Mais que recouvre cette pacification ? La fin du terrorisme ? Le retour de l’État à Kidal ? La sécurisation des écoles fermées depuis des années ? Ou plus prosaïquement, l’éradication de toute opposition politique ? « Personne ne le sait. Et c’est précisément l’objectif », souligne Sissoko. En cultivant cette indéfinition, le régime se donne carte blanche pour prolonger son règne sous couvert d’exception sécuritaire.
Le double discours érigé en méthode
Les contradictions du pouvoir militaire sont de plus en plus flagrantes. Le régime condamne publiquement les groupes armés qu’il accuse de terrorisme, tout en intégrant certains de leurs anciens cadres dans les instances de la transition. À Bamako, on négocie en coulisses avec les djihadistes du JNIM, pendant que l’on promet au peuple une guerre sans merci contre les mêmes groupes. « Le double discours est devenu méthode de gouvernement », constate Sissoko.
Cette ambivalence nourrit un climat d’opacité politique, où l’absence de transparence et la manipulation de la menace sécuritaire servent de paravent à la dérive autoritaire. En parallèle, des décrets sont pris pour légaliser des achats d’armement hors de tout contrôle parlementaire. La guerre, loin d’être une menace à éliminer, devient un levier stratégique pour maintenir une position de force.
Vers une criminalisation de la contestation
La répression, elle, s’intensifie. Journalistes, opposants, activistes : tous ceux qui osent critiquer la junte sont accusés de collusion avec l’ennemi ou de travailler pour des puissances étrangères. Ce procédé, vieux comme les régimes autoritaires, vise à faire taire toute parole dissidente. La transition se transforme peu à peu en machine à broyer l’alternative politique.
Les arrestations arbitraires se multiplient, les partis politiques sont marginalisés, et l’espace civique se réduit comme peau de chagrin. La peur et la propagande sont redevenues des instruments de gouvernement. Comme le résume Sissoko : « Ce n’est plus une transition c’est une entreprise de destruction systématique de toute alternative politique. »
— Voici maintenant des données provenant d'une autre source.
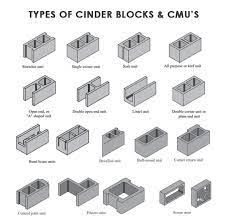2022 cinder block wall cost concrete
Un pouvoir militaire qui se nourrit du chaos
La tragédie est d’autant plus profonde que l’armée, présentée comme l’incarnation de la nation souveraine, est elle-même instrumentalisée. Les jeunes soldats meurent sur les lignes de front, souvent mal équipés, pendant que les généraux prospèrent dans les salons feutrés du pouvoir. Le sacrifice de ces militaires devient une légitimité symbolique, détournée à des fins de maintien autoritaire.
Ce cynisme, pointe Sissoko, révèle une vérité brutale : « La junte a besoin de l’insécurité pour rester au pouvoir. La guerre devient une rente. Le chaos, une opportunité. L’effondrement de l’État, une stratégie. » Une stratégie qui tourne le dos à l’aspiration profonde du peuple malien à la démocratie, à la stabilité et à la justice.
Une République en péril
Ce que Sambou Sissoko décrit dans son texte n’est pas un simple glissement autoritaire. C’est un démantèlement progressif de l’idéal républicain. Un retour à une forme de pouvoir personnel, où la légitimité ne vient plus du peuple, mais de la force et de la peur.
À l’heure où le Mali célèbre les figures de sa révolution de 1991 et les mobilisations populaires contre l’ancien président IBK, un constat s’impose : le pays n’a pas échappé au despotisme, il en a changé les habits.